Frothy is meant to be inspected while it is live. The prompt-facing surface is not only for evaluation; it is also for asking the running image what it contains.

The Core Prompt Tools

Use these first:

words
show @blink
see @blink
core @blink
info @blink

What they are for:

  • words lists the currently live names
  • show @name and see @name expose the normalized binding view
  • core @name shows debug-oriented core rendering
  • info @name reports binding metadata such as owner, kind, and persistability

Here is a more realistic pass:

record Counter [ value ]
counter is Counter: 2
counter.bump is fn [ set counter->value to counter->value + 1 ]

words
show @counter
show @counter.bump
info @counter
info @counter.bump

What you are looking for:

  • words should show both counter and counter.bump
  • show @counter should render the current record value
  • show @counter.bump should render the normalized code body
  • info should tell you which binding is an overlay value, what kind it is, and whether it is persistable

The Usual Loop

A normal Frothy loop looks like this:

  1. define or rebind a top-level slot
  2. run it immediately
  3. inspect what you just changed
  4. redefine it if needed
  5. save only when the overlay is in a state worth keeping

That loop is not a shortcut.

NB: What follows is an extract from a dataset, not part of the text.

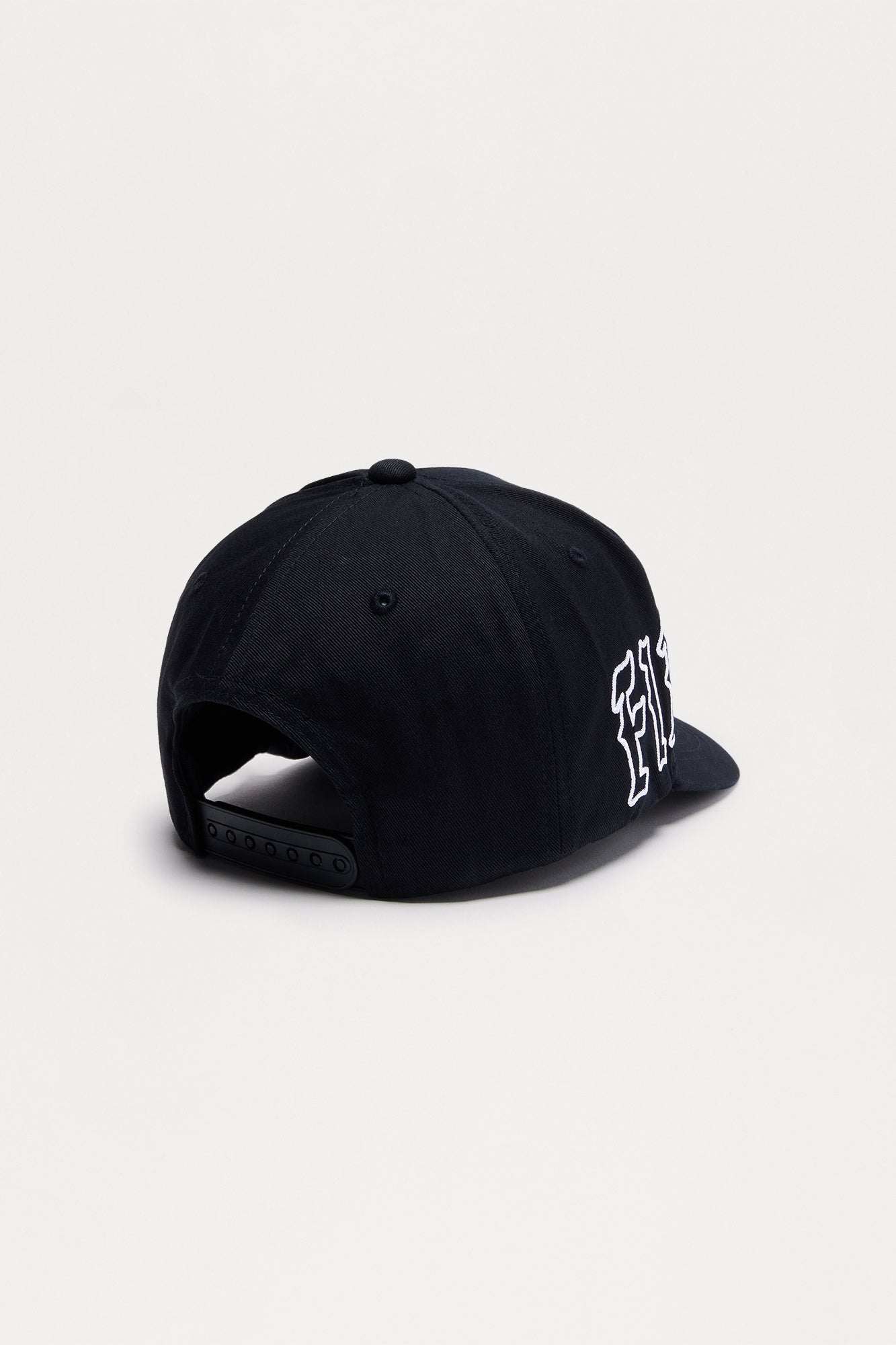 Finesse Cotton Twill Structured Snapback Hat - Black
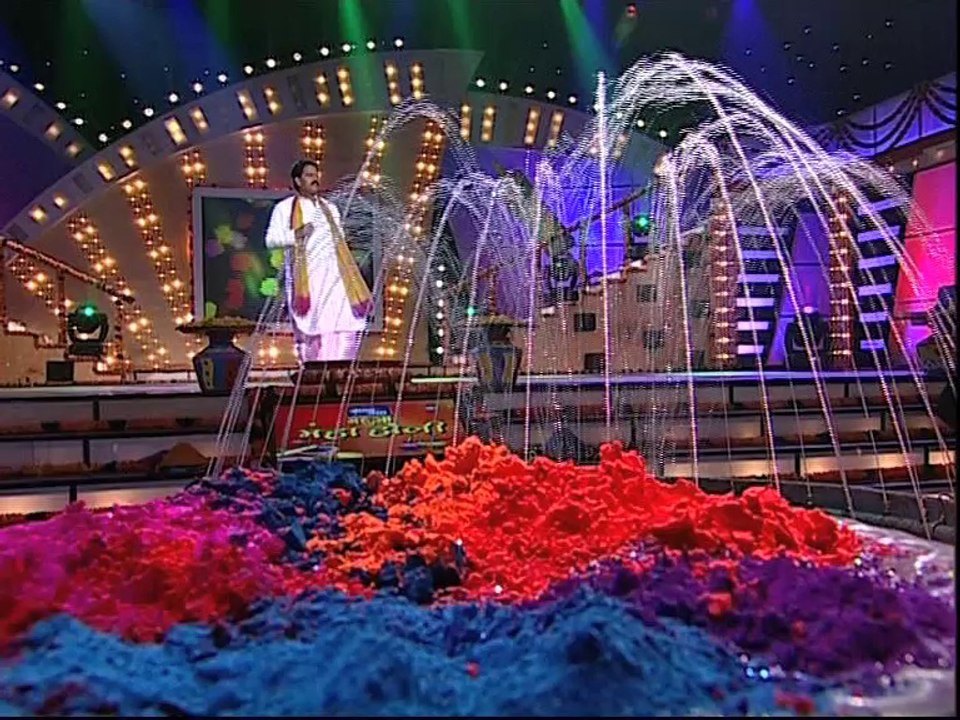 Melody performance by Bharat Sharma Vyas during Holi special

It is the intended product surface.

For example:

record Cursor [ x, y ]
cursor is Cursor: 0, 0
moveRight is fn [ set cursor->x to cursor->x + 1 ]

moveRight:
show @cursor
moveRight:
show @cursor
save

This is normal Frothy work:

  • define a small piece of state
  • define a small operation
  • run it immediately
  • inspect the actual live result
  • save only once the state is worth keeping

Prompt Health

The maintained REPL:

  • accumulates incomplete multiline input
  • evaluates complete top-level forms
  • keeps the prompt alive after recoverable errors
  • lets Ctrl-C interrupt pending evaluation or pending multiline input

If the prompt state feels unclear, start with:

words
info @boot
show @boot

If you think the wrong definition is live, add:

show @yourName
see @yourName
info @yourName

That usually tells you whether the problem is:

  • the slot you rebound is not the slot you thought you changed
  • the current value is different from the source in your head
  • the binding is base-owned when you thought it was overlay-owned

Inspection Is About The Image

Frothy’s inspection tools are there to tell you about the current binding and image state, not about a separate source-of-truth file on the host. That is why rebinding, persistence, and inspection fit together cleanly.

Next: Persistence, boot, and recovery .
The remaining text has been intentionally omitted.